Admiral Radford said it was his strong personal opinion, and he believed that the Joint Chiefs of Staff would probably agree with him, that Berlin was one area in the world where we can expect real trouble in the near future. Accordingly, Admiral Radford believed that the State Department should make every effort to find out the attitude of our allies, the British and the French, if the Soviets stirred up new difficulties in Berlin. They have been dragging their feet on this point and the Soviets probably know it and are taking advantage of their knowledge.

Mr. Allen Dulles expressed agreement with Admiral Radford’s anxiety, and noted that tension was again rising in the Soviet Zone of Germany. Certainly further harassment and restriction were likely to be imposed on West Berlin.

Secretary Hoover said that although, as the Progress Report pointed out, Secretary Dulles had proposed to the British and French [Page 400] Governments that the Allied Military Commanders in Berlin should jointly plan what to do in the event of a new blockade, there had been no response as yet from these two Governments. On the other hand, Secretary Hoover did not feel that we could press these Governments for a response until after the conclusion of the Geneva Conference.

Mr. Allen Dulles suggested that in view of the urgency perhaps this issue could be discussed directly with the British and French Foreign Ministers at Geneva by Secretary Dulles. Secretary Hoover replied that he believed that this problem was on Secretary Dulles’ Geneva agenda. He noted also that the problem had now been complicated by the restoration of sovereignty to the Federal Republic. Admiral Radford said that in that case the U.S. policy statement on Berlin3 had best be reviewed by the National Security Council. Secretary Hoover said that such an undertaking would be difficult until after the Geneva Conference terminated.

Secretary Humphrey then asked Admiral Radford if he actually feared another Berlin blockade. Admiral Radford replied in the affirmative, and reminded the Council of the President’s firm views with respect to demonstrating to the Soviets that the United States would not tolerate the reimposition of a blockade of Berlin. Both Admiral Radford and Dr.
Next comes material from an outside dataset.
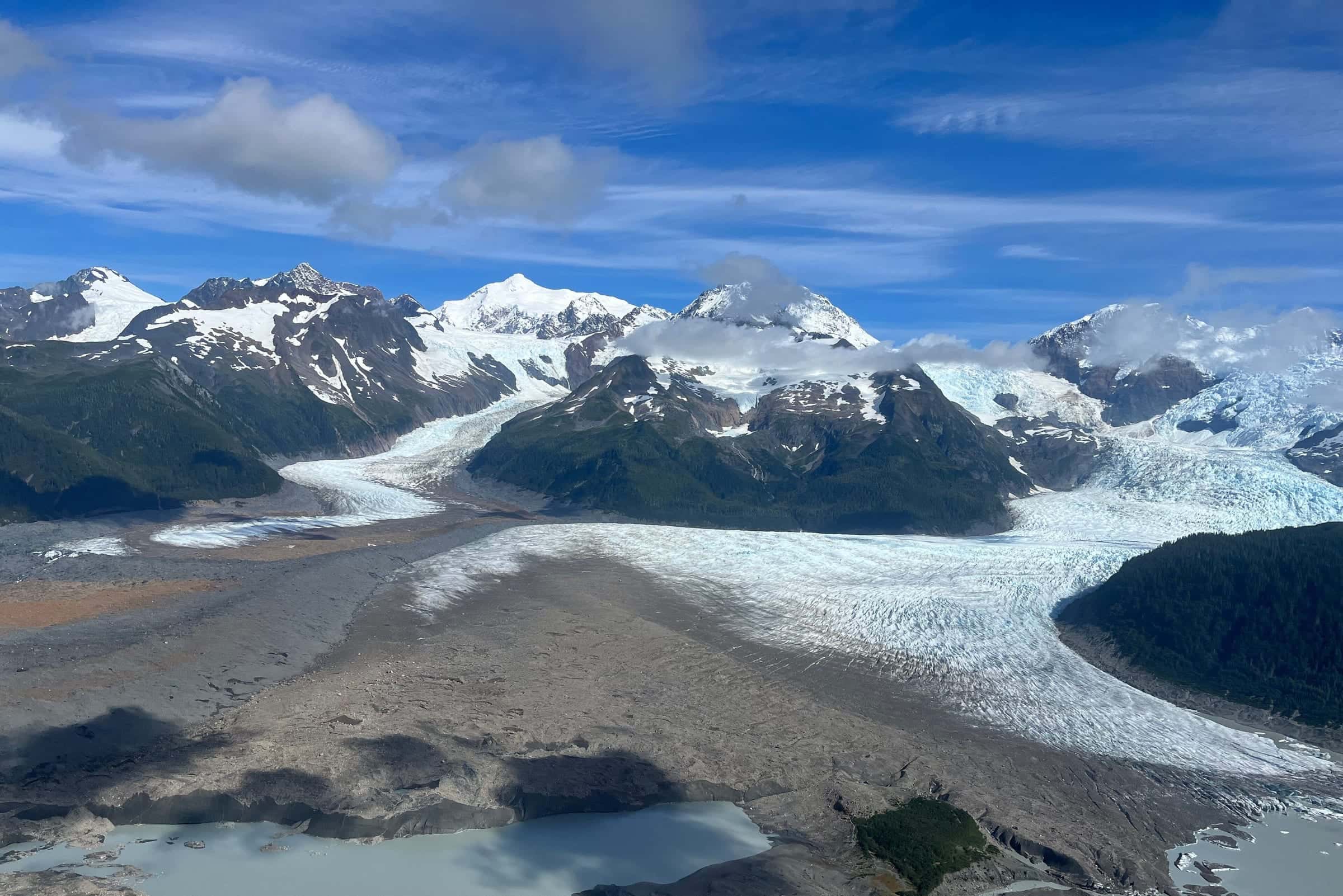 An aerial view of a branching glacier system with ice tongues, moraines and meltwater lakes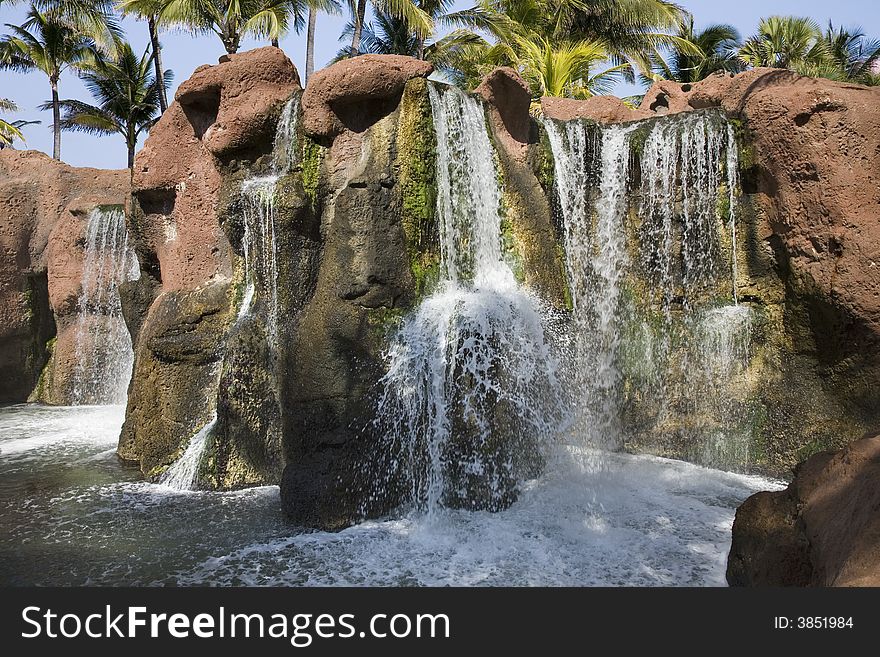 Multiple tropical waterfalls with palm tree background.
Flemming also noted the President’s view that if the Soviets started another blockade of Berlin the United States would proceed to full mobilization.

Secretary Wilson commented that this last feature was a rather tough policy.

The National Security Council:

Noted and discussed the reference Progress Report on the subject by the Operations Coordinating Board.
Noted that the Acting Secretary of State would transmit to the Secretary of State at Geneva the view of the National Security Council as to the urgent desirability of discussing with the British and French Foreign Ministers the necessity of combined military planning for the maintenance of the allied position in Berlin.

Note: The action in b above subsequently transmitted to the Acting Secretary of State.

[Here follows item 4.]

S. Everett Gleason
  1. Source: Eisenhower Library, Whitman File, NSC Records. Top Secret. Prepared by Gleason on November 11.
  2. Regarding the Progress Report, see footnote 1, Document 167. Regarding NSC 5404/1, January 25, 1954, see Foreign Relations,, 1952–1954, vol. VII, Part 2, p. 1390.
  3. Reference is to NSC 5404/1.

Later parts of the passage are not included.